Atherectomy and Critical Limb Ischemia

A Treatment Approach for Severely Calcified Vessels

 J.A. Mustapha, MD, Larry J. Diaz-Sandoval, MD, Barbara Karenko, DO, Fadi Saab, MD 

Incidence of critical limb ischemia (CLI) is estimated at 1% to 2% worldwide and is expected to rise. CLI with isolated infrapopliteal (IP) disease is seen mainly in elderly, diabetic, or dialysis-dependent patients. These patients exhibit calcified IP vessels, which put them at higher risk of amputation compared to those with combined femoropopliteal and IP disease. CLI patients with systolic ankle pressure <50 mmHg, nonpulsatile plethysmographic tracing, and/or transcutaneous oxygen pressure <30 mmHg would benefit from revascularization. The majority of IP chronic total occlusions reconstitute above the ankle via collaterals, which can sustain a limb but cannot heal a wound. CLI lesions are usually characterized by random deposition of calcium along the layers of the arterial wall. When subject to increasing barometric pressures during angioplasty, the distribution of pressure vectors is unpredictable with tendency to follow the paths of least resistance, increasing risk of spiral dissection, plaque rupture, perforation, embolization, and no-flow phenomenon, which are associated with poor clinical outcomes. These deposits also present a physical barrier to antiproliferative drug penetration and are a predisposing factor for stent fractures.
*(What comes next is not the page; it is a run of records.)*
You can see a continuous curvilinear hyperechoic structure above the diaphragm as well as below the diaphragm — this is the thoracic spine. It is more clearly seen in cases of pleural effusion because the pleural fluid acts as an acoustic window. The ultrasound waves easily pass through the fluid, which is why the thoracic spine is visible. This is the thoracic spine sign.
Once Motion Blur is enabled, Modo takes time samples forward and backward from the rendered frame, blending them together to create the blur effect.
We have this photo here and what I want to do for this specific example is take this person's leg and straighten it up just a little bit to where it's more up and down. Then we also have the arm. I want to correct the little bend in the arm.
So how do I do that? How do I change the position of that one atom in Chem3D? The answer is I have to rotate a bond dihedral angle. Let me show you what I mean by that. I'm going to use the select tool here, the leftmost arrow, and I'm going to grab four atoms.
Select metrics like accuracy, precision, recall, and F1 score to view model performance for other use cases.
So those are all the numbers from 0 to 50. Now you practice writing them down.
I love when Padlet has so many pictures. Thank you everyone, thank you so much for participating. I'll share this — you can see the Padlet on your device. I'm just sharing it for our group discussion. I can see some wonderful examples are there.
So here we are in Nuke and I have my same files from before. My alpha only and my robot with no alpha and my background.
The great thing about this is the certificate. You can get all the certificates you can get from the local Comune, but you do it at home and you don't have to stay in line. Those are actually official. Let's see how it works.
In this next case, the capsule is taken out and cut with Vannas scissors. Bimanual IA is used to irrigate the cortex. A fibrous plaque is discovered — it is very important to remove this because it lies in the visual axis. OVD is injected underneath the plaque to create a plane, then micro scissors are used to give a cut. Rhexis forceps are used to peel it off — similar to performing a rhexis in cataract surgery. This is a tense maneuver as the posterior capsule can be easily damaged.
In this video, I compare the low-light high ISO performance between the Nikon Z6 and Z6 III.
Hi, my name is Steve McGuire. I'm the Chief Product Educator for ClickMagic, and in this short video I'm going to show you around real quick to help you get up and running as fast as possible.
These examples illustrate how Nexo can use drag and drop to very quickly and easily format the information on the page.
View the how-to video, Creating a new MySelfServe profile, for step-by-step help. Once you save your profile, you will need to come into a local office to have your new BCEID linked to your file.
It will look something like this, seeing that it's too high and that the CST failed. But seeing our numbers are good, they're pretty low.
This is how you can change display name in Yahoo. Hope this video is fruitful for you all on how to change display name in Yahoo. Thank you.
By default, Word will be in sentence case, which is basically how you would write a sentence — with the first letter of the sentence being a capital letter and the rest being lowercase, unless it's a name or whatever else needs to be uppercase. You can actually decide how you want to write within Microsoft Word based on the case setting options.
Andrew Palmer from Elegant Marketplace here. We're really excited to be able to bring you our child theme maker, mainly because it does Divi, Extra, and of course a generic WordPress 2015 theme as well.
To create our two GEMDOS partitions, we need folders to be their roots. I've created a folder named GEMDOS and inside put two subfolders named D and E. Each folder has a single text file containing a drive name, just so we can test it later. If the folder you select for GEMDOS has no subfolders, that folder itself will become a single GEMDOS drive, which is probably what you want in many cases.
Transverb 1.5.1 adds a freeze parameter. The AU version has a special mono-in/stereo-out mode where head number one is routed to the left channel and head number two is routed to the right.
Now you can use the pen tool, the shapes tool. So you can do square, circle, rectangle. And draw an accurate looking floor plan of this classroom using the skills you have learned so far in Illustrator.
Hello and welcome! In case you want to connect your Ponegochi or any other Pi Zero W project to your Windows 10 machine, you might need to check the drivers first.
Atherectomy devices excise, ablate, or modify calcified deposits and plaque, allowing compliance alteration of severely calcified vessels, rendering them more suitable for treatment with balloons and/or stents. Results of studies such as CALCIUM360, COMPLIANCE360, and DEFINITIVE LE suggest the “gold standard” for the treatment of PAD may need to be revisited to include atherectomy as an integral part of the treatment of patients with CLI.